Voici un article de la journaliste Séverine publié en avril 1905 dans la revue "Je sais tout"...
neuf ans avant le déclenchement de la première guerre mondiale, dont les esprits les plus pénétrants pouvaient prévoir les horreurs, à la lumière de la guerre russo-japonaise.
 
 

 

Dans l'état actuel de la société, les armées sont nécessaires, mais la guerre, dont la préparation est un patriotique devoir, n'en est pas moins par elle-même un fléau qu'il ne faut cesser de maudire. Si on la regarde de près, si on cherche les chiffres, si on scrute la réalité des faits, et à l'heure actuelle, hélas, rien n'est plus facile, l'imagination demeure confondue, la raison s'affole. le cœur se soulève d'horreur.

   
 
     
 


Cette pyramide de têtes de morts, de crânes dénudés et lisses, aux orbites vides, dorés par le soleil, polis par le vent, lavés par les intempéries, Vereschagine, le grand peintre des horreurs de la guerre, la rencontra, en je ne sais plus quelle solitude de l'Inde.
C'était tout ce qui restait d'un grand combat, de puissantes armées. La fantaisie de deux chefs avait suffi à décider l'hécatombe.
Chacun de ces débris représentait un être humain fauché dans sa force, dans sa fleur ; chacune de ces sphères osseuses avait contenu un cerveau, l'essaim des rêves précis ou obscurs que tout homme porte en soi. Les corbeaux avaient pris la chair, les songes, et, a tire d'ailes étaient partis dans la rafale.
Quelqu'un avait ordonné de concentrer les restes; et les voyageurs traversant la plaine, soit par piété, soit par obéissance, s'appliquaient à rejeter au tas tout fragment isolé.

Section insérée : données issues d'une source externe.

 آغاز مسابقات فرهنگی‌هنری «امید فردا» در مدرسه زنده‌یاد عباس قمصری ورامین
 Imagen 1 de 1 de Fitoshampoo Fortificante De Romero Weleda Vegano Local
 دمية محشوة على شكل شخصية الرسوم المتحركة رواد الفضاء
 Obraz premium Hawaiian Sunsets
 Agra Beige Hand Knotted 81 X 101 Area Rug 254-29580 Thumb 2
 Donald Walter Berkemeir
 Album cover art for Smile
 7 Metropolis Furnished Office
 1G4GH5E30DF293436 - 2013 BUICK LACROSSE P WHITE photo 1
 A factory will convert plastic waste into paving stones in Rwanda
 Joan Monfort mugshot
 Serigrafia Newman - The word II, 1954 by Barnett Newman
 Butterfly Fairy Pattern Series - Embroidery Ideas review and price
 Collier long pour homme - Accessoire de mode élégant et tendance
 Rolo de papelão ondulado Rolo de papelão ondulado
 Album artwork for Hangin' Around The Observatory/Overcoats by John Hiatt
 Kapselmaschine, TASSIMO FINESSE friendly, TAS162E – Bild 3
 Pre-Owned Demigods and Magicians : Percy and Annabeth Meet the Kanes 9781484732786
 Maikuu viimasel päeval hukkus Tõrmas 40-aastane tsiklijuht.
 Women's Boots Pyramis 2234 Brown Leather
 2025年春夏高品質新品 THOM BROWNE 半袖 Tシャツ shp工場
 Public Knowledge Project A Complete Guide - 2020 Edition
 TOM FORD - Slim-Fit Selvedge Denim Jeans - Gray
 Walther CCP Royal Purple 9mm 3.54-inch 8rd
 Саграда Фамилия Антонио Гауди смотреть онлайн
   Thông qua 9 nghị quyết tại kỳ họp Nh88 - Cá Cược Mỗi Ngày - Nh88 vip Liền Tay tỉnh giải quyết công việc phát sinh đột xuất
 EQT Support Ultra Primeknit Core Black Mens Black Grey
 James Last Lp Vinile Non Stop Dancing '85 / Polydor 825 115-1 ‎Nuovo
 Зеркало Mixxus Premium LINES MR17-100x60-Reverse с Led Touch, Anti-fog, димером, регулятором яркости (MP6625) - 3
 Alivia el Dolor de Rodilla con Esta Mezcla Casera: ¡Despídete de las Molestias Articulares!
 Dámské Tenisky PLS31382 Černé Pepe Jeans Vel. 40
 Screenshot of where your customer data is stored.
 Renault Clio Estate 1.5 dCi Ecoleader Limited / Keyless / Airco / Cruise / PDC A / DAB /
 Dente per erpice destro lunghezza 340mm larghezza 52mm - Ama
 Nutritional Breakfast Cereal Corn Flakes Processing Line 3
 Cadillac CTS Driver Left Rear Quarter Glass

Les oiseaux noirs continuaient de hanter le site - la bonne auberge! - où si longtemps ils avaient festiné. A peine s'ils accordaient 'quelque attention aux vivants de passage.
Vereschagine fit halte, tira son album. Il était sénsible à ces macabres spectacles plus qu'un autre peut-être, en raison de souvenirs personnels.
Lorsqu'après trois mois de siège Plevna s'était rendue, le peintre avait pu approcher de la ville, s'acheminer vers l'endroit où son frère très chéri était tombé en combattant.
J'eus beau chercher, a-t-il écrit, je ne vis que des crânes grimaçants et des squelettes recouverts par-ci, par-là, de lambeaux d'étoffe, et dont les mains paraissaient se tendre vers un point quelconque de l'horizon, Comment reconnaître mon frère? J'ai examiné avec attention les restes d'uniformes, les crânes, les orbites, et je n'y pus tenir; mes larmes coulaient à torrents, et longtemps je ne pus maîtriser mes sanglots.
De ne pas retrouver celui à qui l'attachaient les liens du sang, de cette tragique impuissance à démêler sa race d'entre les étrangers, sa fraternité s'élargit, s'étendit...
Et dans la jungle, devant ce tumulus effroyable, l'artiste évoquait son propre deuil : le charnier de Plevna ! Alors, il fit une esquisse, l'intitula : « Apothéose de la Guerre », et dédia l'oeuvre : « A tous les grands Conquérants du passé, du présent et de l'avenir ».
Depuis, c'est l'introduction à presque toutes les publications traitant du fléau que la discorde humaine a jugé bon d'ajouter aux calamités naturelles et relativement inéluctables.
D'ailleurs, les faits sont plus effrayants que les images... Prenons-en quelques-uns. S'agit-il de la Grande Armée aux abois, en retraite dans les neiges slaves, réduite, en six mois, de 700.000 à 33.000 soldats? S'agit-il des campagnes napoléoniennes, des huit millions de victimes (dont trois de Français) que fit Bonaparte en seize années de victoires ?
Ou bien des 800.000 combattants disparus dans la campagne de Crimée ; des 300.000 de la guerre d'Italie; des 300.000 du duel prusso-autrichien, que conclut Sadowa; des 500.000 de la guerre de Sécession ; des 800.000 de la campagne de France, en 1870 ; des 400.000 de la guerre turco-russe ? Ou bien encore du demi-million d'existences que dépensèrent les luttes civiles de l'Amérique du Sud ; des trois millions de vies que coûtèrent aux nations européennes la conquête coloniale, de celle des Indes à celle de Madagascar ?

(à suivre...)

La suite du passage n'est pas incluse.